**GIVEN INFORMATION:**
___

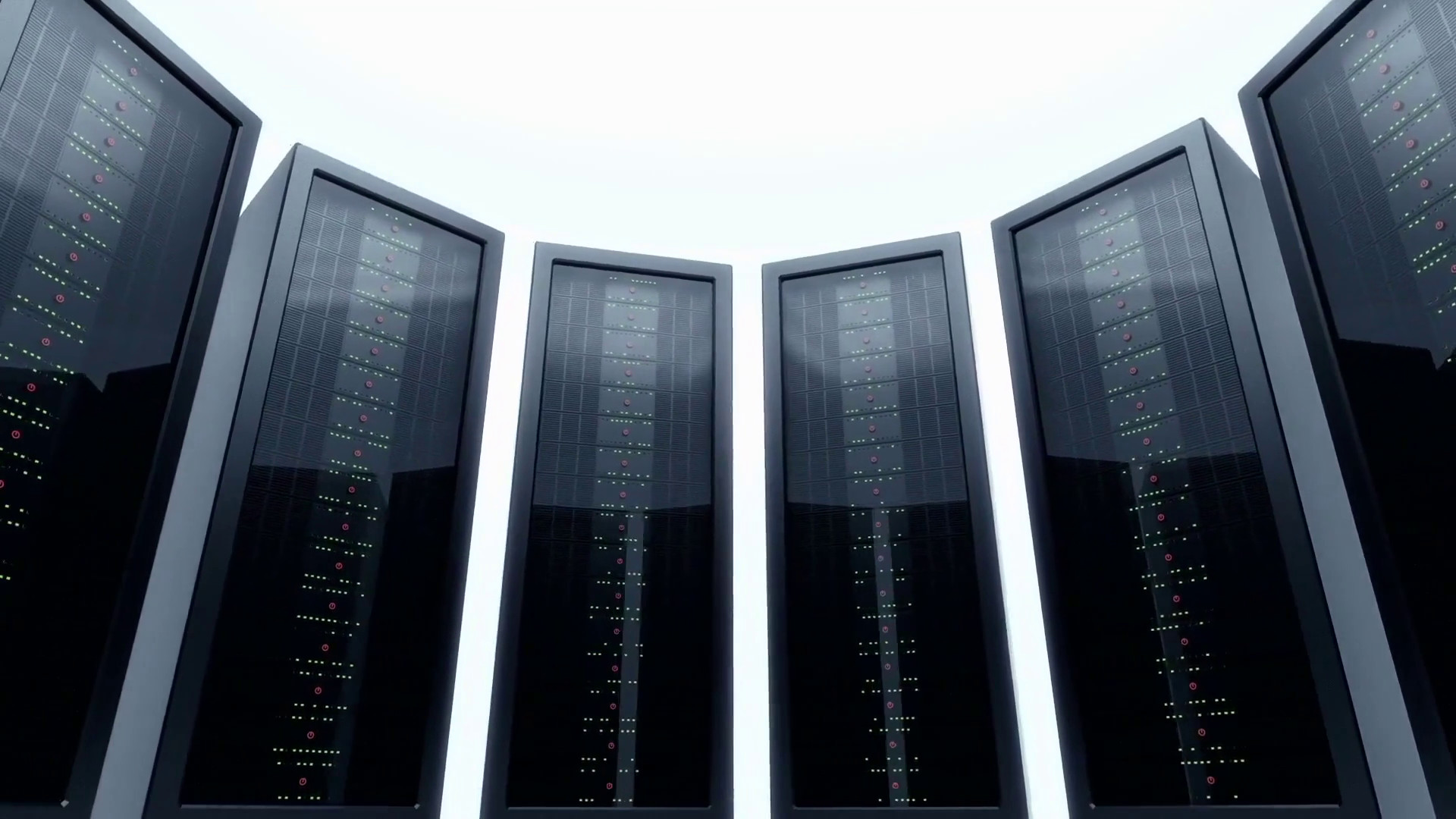 Il nazionalismo economico nell'era della chiusura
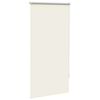 Product Thumbnail Image 3 of 18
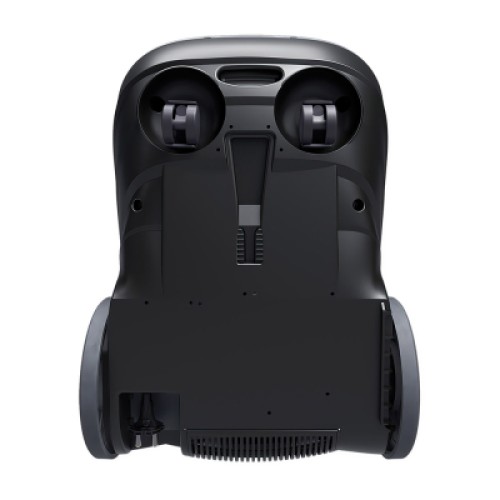 Пылесос Thomas Aquatic Onyx (788614) Пылесос Thomas Aquatic Onyx (788614)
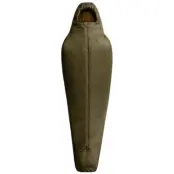 Mammut Perform Fiber Bag -7C L Olive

___

Pictures are to be omitted. Output verbatim only the lines from the one holding "Product Thumbnail Image 3 of 18" through the end of the material, both included.

 Product Thumbnail Image 3 of 18
 Пылесос Thomas Aquatic Onyx (788614) Пылесос Thomas Aquatic Onyx (788614)
 Mammut Perform Fiber Bag -7C L Olive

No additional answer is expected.